Gian Marco Martignoni
Molto interessanti le valutazioni “collaterali” di Gian Marco Mortignoni. Aggiungo .Tutte le organizzazioni politiche-sindacali e le strutture sociali in genere vivono da sempre intrinseche e rilevanti contraddizioni, dovute alla presenza di diverse “fattispecie” umane – caratterizzazioni individuali e linee strategiche -. Per cercare di ridimensionare questo costante pericolo e le conseguenti contaminazioni rispetto allo Statuto, Chi ( al plurale ), preposto alla gestione dell’organizzazione deve essere in grado, per capacità e volontà, di esercitare una significativa verifica.
Da antico militante della Fiom, per le esperienze vissute, ritengo che anche questa struttura non sia potenzialmente esente dai rischi richiamati.
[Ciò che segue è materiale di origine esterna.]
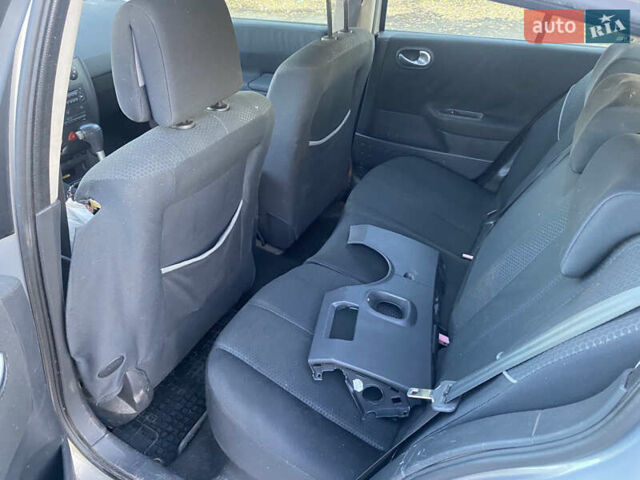 Серый Рено Меган, объемом двигателя 1.6 л и пробегом 270 тыс. км за 2300 $, фото 6 на Automoto.ua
Ho conosciuto ( tra l’altro) direttamente Giorgio Cremaschi . Per lungo tempo è stato responsabile del settore TLC della Fiom. Io membro del coordinamento nazionale di una grande Azienza del comparto e componente del Comitato Centrale della Fiom). Personalmente, alla fine degli anni 90 ruppi con l’organizzazione, in forte dissenso sulle politiche sindacali che riguardavano la gestione degli esuberi ( licenziamenti). Diventati un “libero pensatore”. Lasciamo stare il merito, per “carità di patria”.
Non ho avuto maniera di leggere la richiamata intervista del Corriere della Sera. Addirittura “consulente tecnico” dei 5*? Ho letto, però, questa mattina, l’intervista rilasciata da Giorgio Cremaschi a “ Radio Città Aperta”.
Certo Giorgio Cremaschi è sempre stato molto bravo nell’uso delle parole, però, ammetto, non ho capito il senso complessivo strategico delle sue argomentazioni in raccordo con la bozza del PROGRAMMA LAVORO dei 5 *. Un dato è certo. Tocca in maniera del tutto marginale la questione centrale: la bozza del Programma Lavoro dei 5*. Perché? La cosa mi lascia fortemente stupito.
Condivido la considerazione centrale della nota di Gian Marco Mortignoni. Suddetto programma…..e non solo, è chiaramente di destra. Di una destra brutta alquanto. Non ci vuole un gran fiuto per comprendere questa elementare verità.
E’ pur vero che per i Signori dei 5* non esiste più ……….“ destra e sinistra”. I lavoratori, però, continuano ad esistere, in carne e ossa. Si organizzano ( in strutture sindacali) e lottano – come sempre hanno fatto negli ultimi 150 anni – contro lo strapotere padronale, e, tra l’altro, per una più equa distribuzione delle risorse economiche.